The door behind Ciccio, leads into the back-room where the tomatoes rested for 5 minutes on the green table. On his left is the sink. Yes, I carried 4 half-bushel boxes from his van into the back room, then back out to the sink and then over to the table. Oh yeah!!!
fire burn and caldron bubble
It’s day 2 of the tomato sauce protocol. My dad has been up for a half hour and he’s already started cooking the tomatoes – the huge pot with the lid on the left, on the burner.
We’re in the garage, where there’s a third kitchen for canning and making tomato sauce. The machine in the forefront will strain the cooked tomatoes removing the peels and the seeds; the big plastic bucket under it will catch the tomato sauce. The long paddle on the small green table is for stirring the tomatoes in the giant pot. (The stirring is muscle building, well at least after the strain goes away.) My dad is getting ready to plug in the milling machine; the tall bucket on his right is full of halved tomatoes that will soon get added to the large pot (more muscle building). The tomatoes cook for about two hours.
The next step is take the very liquidy mixture and transfer it to a smaller pot that he and I lug over to the table. My dad then begins to put the liquidy pulp through the milling machine. (After this first round, I opt for a smaller transfer bowl. Man, lifting a pot full of hot tomato sauce is not pleasant.) When all the sauce has been milled, I get to take the caldron out into the back-yard and scour it clean. (Ciccio claimed that I didn’t need to keep stirring, that the flame was low enough to prevent burning. Wrong!!!)
The caldron is back on the burner and now I get to transfer the sauce from the blue bucket under the milling machine into the cleaned pot. Once I transfer all the sauce, Ciccio starts cooking it a second time and I drive off to my uncle’s to get basil.

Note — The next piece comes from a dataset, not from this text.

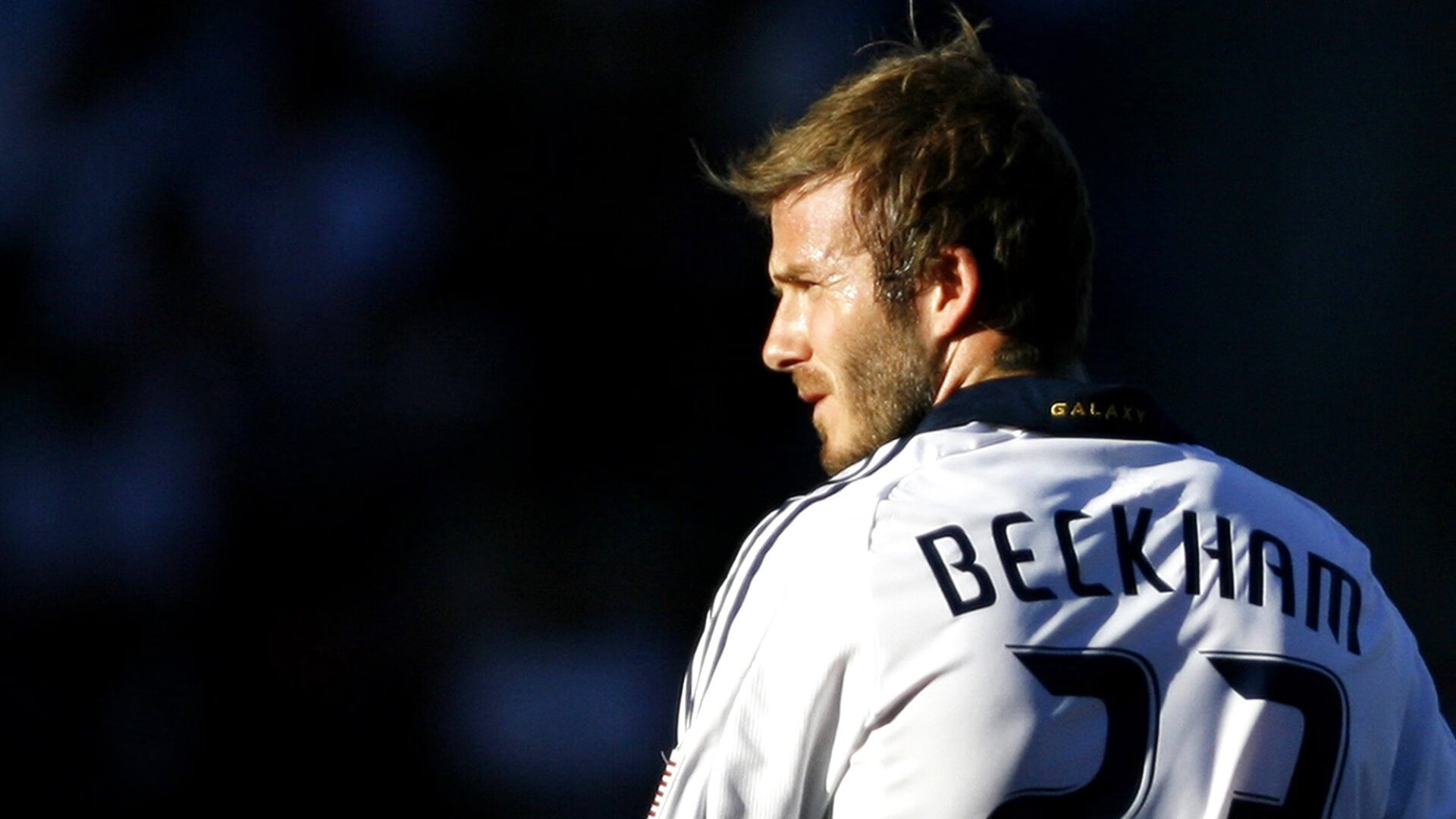 奥运阴影下的绿茵决战，当威尔士的长城锁住银河战舰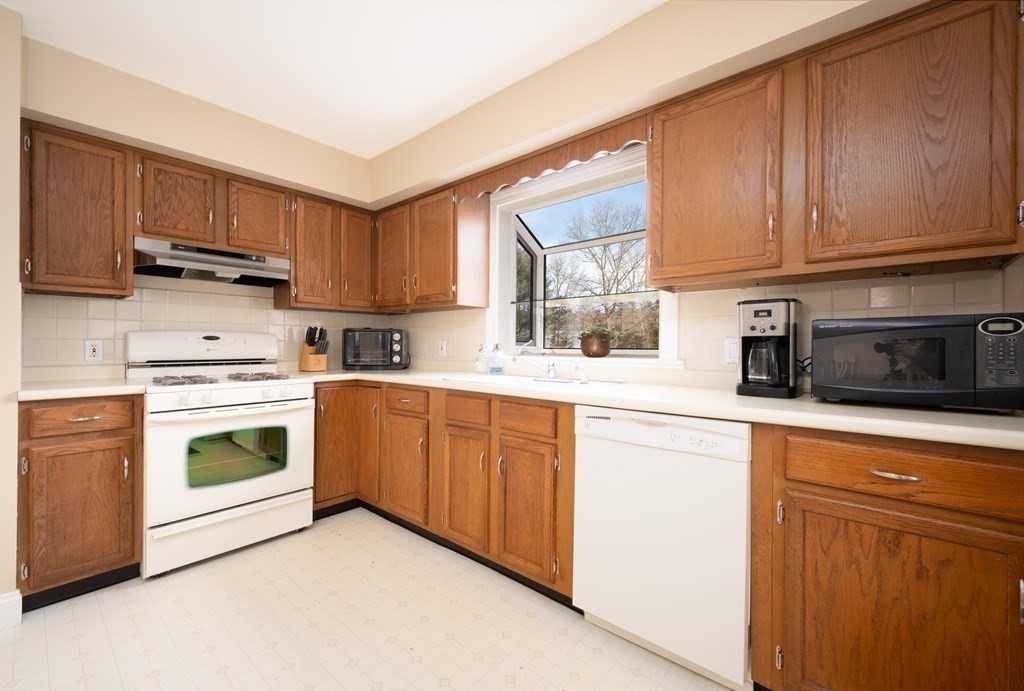 50 Burgess Avenue Rochester, MA 02770 - Photo 7 of 22 Gallery Image 7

By the time I’m back, Mafalda has joined the crew. She is washing the jars and putting then on the round table near the caldron. She shifts and quickly washes the basil and she and I begin to add two leaves to each of the empty jars. My dad using a small pot with a handle and a funnel, begins filling the jars. It’s my job to place the lids on the filled jars and to then screw the rings on tightly. We fill 58 Mason pint-jars. (I asked about putting the jars in a water-bath canner, but my dad said they haven’t done in years. The lid, tightened by the ring, seals as the piping hot sauce cools.)
The jar end up on the counter in the back and covered in a green synthetic blanket. This will slow down the cooling process guaranteeing that the lids seal tightly onto the top of the jars.